The ads offered the latest version of the iPod nano for sale, with each ad containing a photo of either a dark- or light-skinned hand holding the popular digital music player. The ads with a black hand received 13 percent fewer responses and 17 percent fewer offers than ads showing a white hand. Black sellers were also offered less money for the iPods than white sellers.

"We suspect that the negative effect of race would be even larger in the general population," she said.

Doleac and fellow researcher Luke Stein, also a doctoral candidate in economics, ran ads in more than 300 locales, ranging from small towns to major cities, during the course of a year.

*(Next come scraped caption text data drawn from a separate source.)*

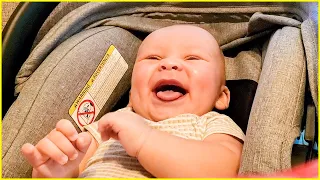 Funny Babies Laughing Hysterically Compilation Of May - Cute Baby Videos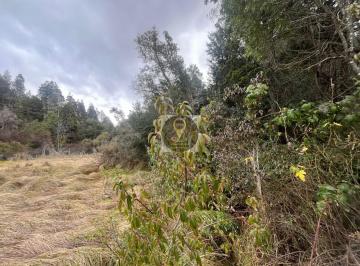 Terreno · 4900m² · Lote Pinar de Festa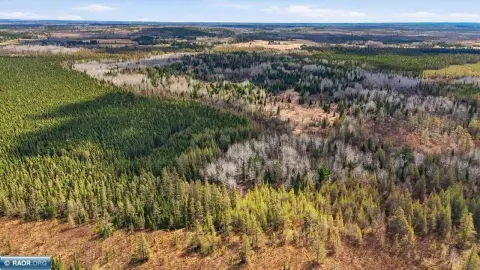 160 Acres in Angora, MN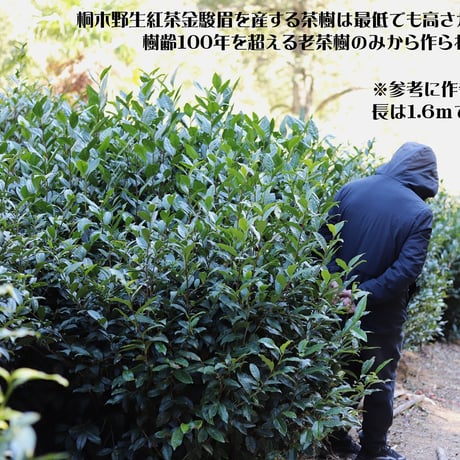 桐木野生紅茶金駿眉2026 予約販売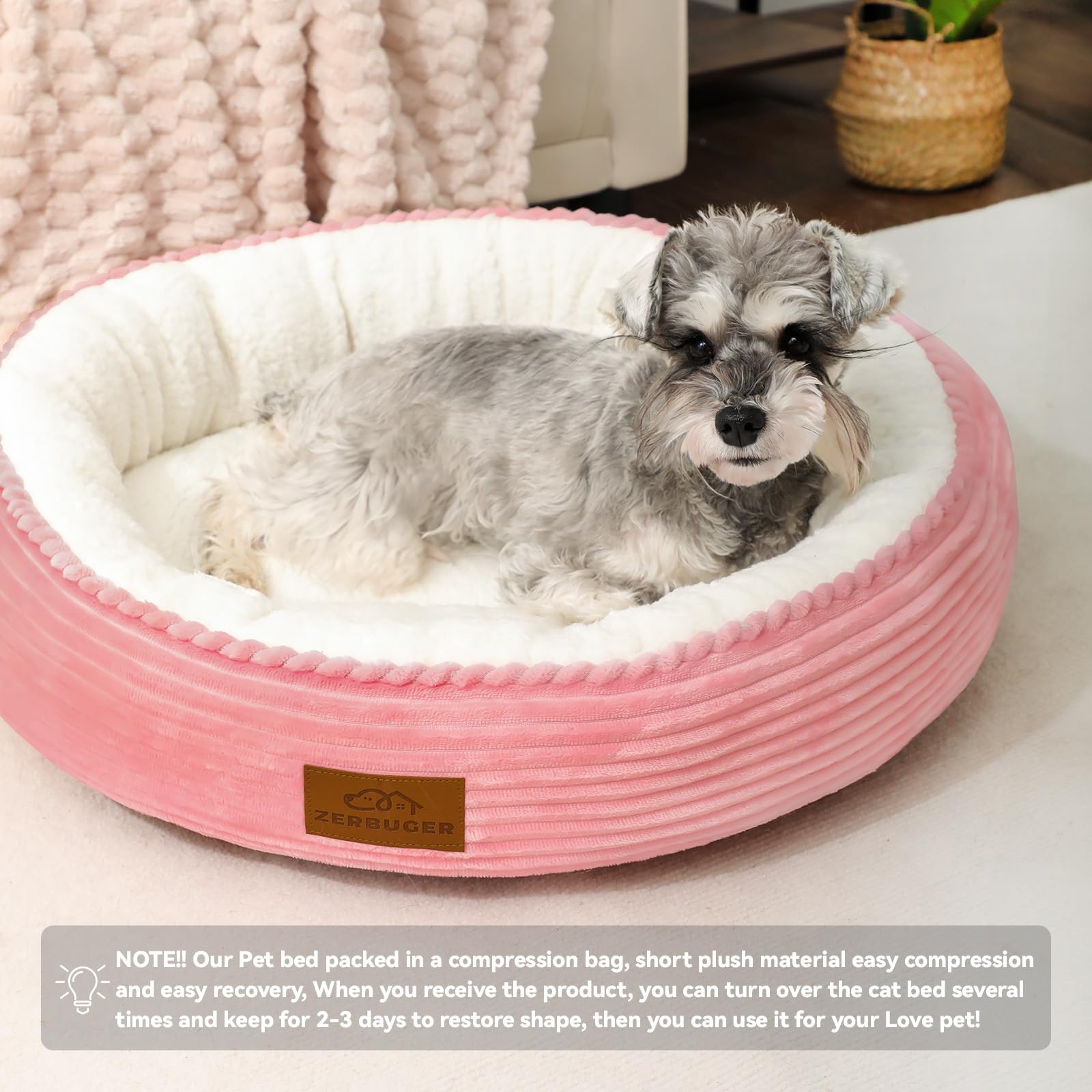 Regalo Zerbuger para mimos y relax de tu mascota.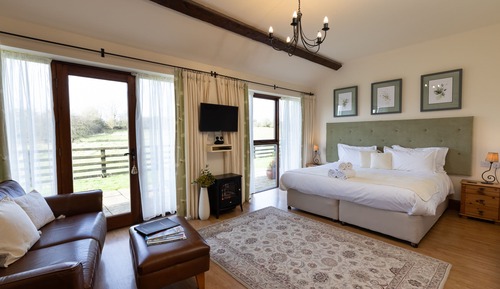 Habitación Deluxe con 1 cama doble o 2 individuales, baño privado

The study showed that black sellers were at the greatest disadvantage in the Northeast, where they received 32 percent fewer offers than whites. In the Midwest, black sellers got 23 percent fewer offers, and they got 15 percent fewer in the South. The West was the only region where the difference in the number of offers received by black and white sellers was not statistically significant.

The amount of money offered black sellers was between 2 percent and 4 percent less than the offers white sellers received. The disparity was most pronounced when the ads were posted in locales with high crime rates or where blacks and whites were geographically isolated from each other.

In general, black sellers were at much less of a disadvantage when the ads were posted in more competitive markets, where larger numbers of iPods were for sale, Doleac said.

The iPod listed in the ads was always a silver, 8-gigabyte version of the most recent edition of the nano, which also plays videos. Each ad stated that the box had never been opened and the iPod was for sale because the seller did not need it.

Doleac and Stein never met with the buyers in person. Instead, when it came time to set up a meeting, the researchers said they were out of town and offered to ship the iPod to a buyer's home, which produced another striking disparity.

Potential buyers corresponding with black sellers were 44 percent less likely to agree to have the iPod shipped to them and were 56 percent more likely to express concern about sending payment to the seller by PayPal.

Doleac and Stein interpreted the buyers' reluctance as indicating a lack of trust in the sellers. The would-be buyers were also 17 percent less likely to include their name in emails when they responded to ads placed by black sellers.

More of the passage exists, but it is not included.